> _Goal of the exercise_: In the data that follows, count the lines where "Floral" appears, and write only the number.

> _Source records_:
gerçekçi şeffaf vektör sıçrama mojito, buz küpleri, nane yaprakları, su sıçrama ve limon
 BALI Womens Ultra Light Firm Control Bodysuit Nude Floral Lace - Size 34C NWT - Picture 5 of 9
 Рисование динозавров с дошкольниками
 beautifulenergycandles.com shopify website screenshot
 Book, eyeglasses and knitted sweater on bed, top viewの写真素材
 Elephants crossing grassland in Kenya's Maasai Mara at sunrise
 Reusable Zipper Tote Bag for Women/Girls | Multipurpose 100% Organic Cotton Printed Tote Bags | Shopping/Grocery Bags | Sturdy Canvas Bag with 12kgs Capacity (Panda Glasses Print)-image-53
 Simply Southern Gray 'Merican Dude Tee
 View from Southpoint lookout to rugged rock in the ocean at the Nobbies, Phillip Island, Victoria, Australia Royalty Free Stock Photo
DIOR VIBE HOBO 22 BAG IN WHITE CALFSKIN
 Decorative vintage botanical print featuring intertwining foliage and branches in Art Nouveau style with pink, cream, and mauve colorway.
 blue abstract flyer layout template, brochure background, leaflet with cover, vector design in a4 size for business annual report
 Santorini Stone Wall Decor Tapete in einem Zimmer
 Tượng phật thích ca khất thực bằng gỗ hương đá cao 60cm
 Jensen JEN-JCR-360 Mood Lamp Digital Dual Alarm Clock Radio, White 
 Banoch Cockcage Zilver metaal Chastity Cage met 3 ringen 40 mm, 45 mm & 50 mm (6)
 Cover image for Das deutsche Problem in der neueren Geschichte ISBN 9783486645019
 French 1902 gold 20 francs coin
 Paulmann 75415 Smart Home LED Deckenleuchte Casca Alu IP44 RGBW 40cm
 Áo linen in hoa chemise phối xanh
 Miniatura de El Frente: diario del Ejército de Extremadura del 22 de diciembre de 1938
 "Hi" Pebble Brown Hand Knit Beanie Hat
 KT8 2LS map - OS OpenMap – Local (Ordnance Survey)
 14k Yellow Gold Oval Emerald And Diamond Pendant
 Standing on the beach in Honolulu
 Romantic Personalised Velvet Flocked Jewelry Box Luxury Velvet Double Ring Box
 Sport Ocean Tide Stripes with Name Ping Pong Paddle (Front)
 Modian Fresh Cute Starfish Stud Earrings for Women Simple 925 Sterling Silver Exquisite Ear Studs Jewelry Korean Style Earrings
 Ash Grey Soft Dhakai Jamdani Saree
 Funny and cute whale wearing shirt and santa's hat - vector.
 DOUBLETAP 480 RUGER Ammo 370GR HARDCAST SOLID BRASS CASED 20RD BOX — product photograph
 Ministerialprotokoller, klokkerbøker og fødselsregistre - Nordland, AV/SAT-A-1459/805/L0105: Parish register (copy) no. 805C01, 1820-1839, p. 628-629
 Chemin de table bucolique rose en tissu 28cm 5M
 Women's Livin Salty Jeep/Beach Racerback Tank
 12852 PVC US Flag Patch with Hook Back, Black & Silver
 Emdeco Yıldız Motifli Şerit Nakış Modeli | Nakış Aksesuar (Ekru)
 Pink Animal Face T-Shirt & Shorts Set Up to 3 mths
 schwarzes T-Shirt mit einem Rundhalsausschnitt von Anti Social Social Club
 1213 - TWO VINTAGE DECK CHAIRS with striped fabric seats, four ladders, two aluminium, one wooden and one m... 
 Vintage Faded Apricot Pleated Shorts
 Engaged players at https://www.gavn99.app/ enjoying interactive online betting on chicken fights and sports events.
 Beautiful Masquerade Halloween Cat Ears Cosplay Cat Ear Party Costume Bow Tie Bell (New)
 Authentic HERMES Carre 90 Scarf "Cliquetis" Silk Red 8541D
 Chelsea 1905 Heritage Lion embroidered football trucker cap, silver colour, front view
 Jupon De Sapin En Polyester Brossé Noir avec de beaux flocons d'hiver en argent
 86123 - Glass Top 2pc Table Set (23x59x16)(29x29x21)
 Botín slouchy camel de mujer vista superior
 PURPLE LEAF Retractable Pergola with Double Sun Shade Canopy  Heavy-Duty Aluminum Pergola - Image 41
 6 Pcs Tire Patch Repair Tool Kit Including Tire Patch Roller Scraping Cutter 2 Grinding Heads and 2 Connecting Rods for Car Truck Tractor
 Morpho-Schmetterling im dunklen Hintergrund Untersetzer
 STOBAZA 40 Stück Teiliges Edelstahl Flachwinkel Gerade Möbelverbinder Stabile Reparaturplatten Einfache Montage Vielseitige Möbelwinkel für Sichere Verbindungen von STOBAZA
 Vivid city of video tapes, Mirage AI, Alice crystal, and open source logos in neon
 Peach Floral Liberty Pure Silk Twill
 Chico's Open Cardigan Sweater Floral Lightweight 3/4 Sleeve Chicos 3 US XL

> _Output for this exercise_: 3